-- DATA SUPPLIED --

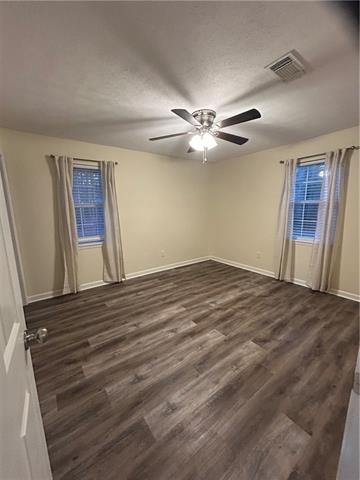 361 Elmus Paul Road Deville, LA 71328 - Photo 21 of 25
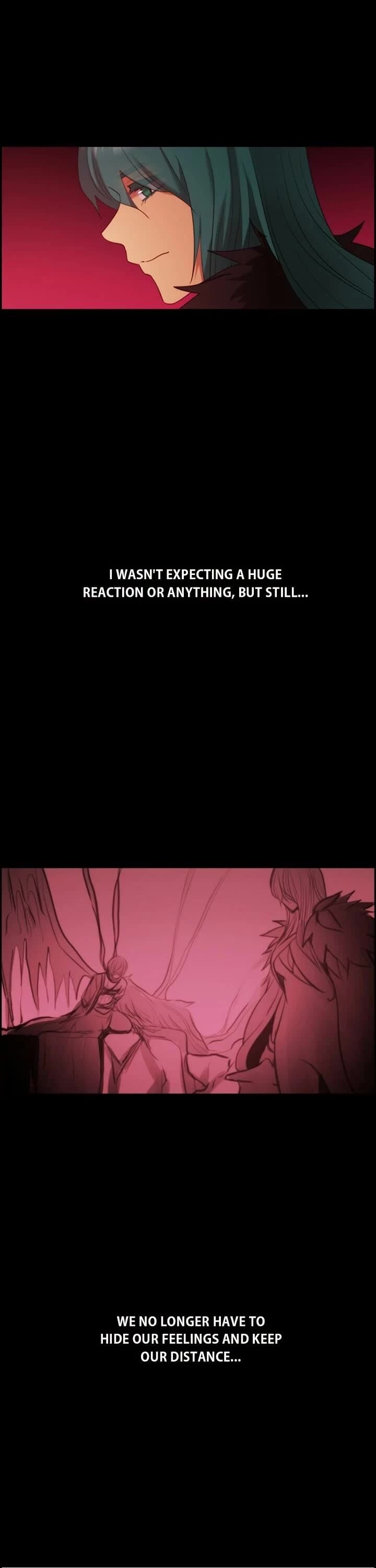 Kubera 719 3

==

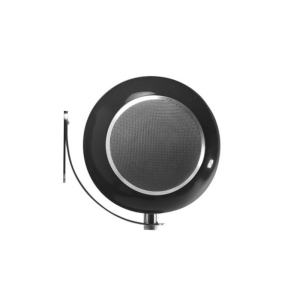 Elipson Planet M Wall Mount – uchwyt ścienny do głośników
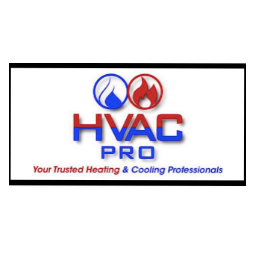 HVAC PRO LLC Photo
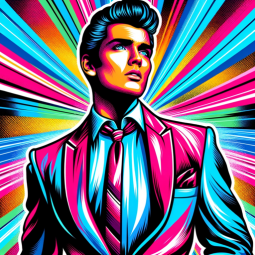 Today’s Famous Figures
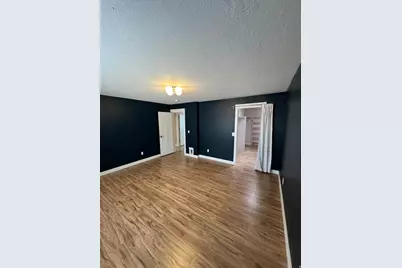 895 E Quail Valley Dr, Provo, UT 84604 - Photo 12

-- WORK REQUIRED --
Go to the line above that has "361 Elmus Paul" and copy exactly from there down to the line that has "Kubera 719 3", both included. Leave the pictures out.

-- FINAL ANSWER --
 361 Elmus Paul Road Deville, LA 71328 - Photo 21 of 25
 Kubera 719 3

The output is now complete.